* INPUT DATA:

________________________________________

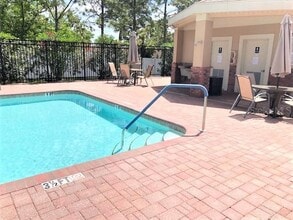 1506 Hillview Ln in Tarpon Springs, FL - Building Photo - Building Photo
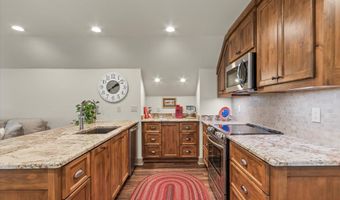 111 Appaloosa Dr, Albertville, AL 35951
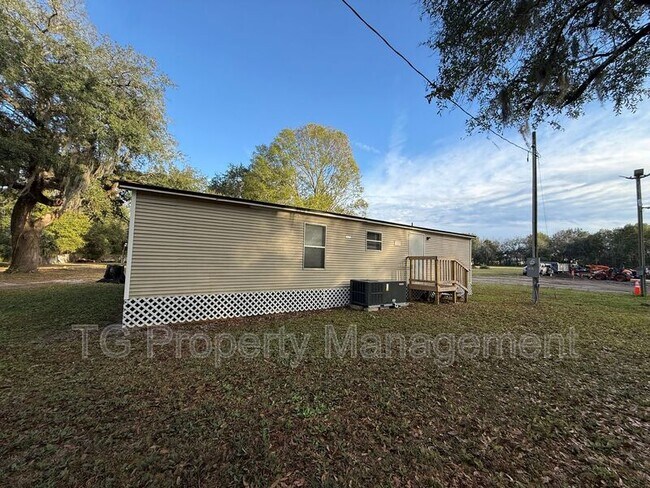 Building Photo - 787 Gillen St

________________________________________

* WORK ORDER: With the pictures removed, write the listing out word for word.

* TASK ANSWER:
 1506 Hillview Ln in Tarpon Springs, FL - Building Photo - Building Photo
 111 Appaloosa Dr, Albertville, AL 35951
 Building Photo - 787 Gillen St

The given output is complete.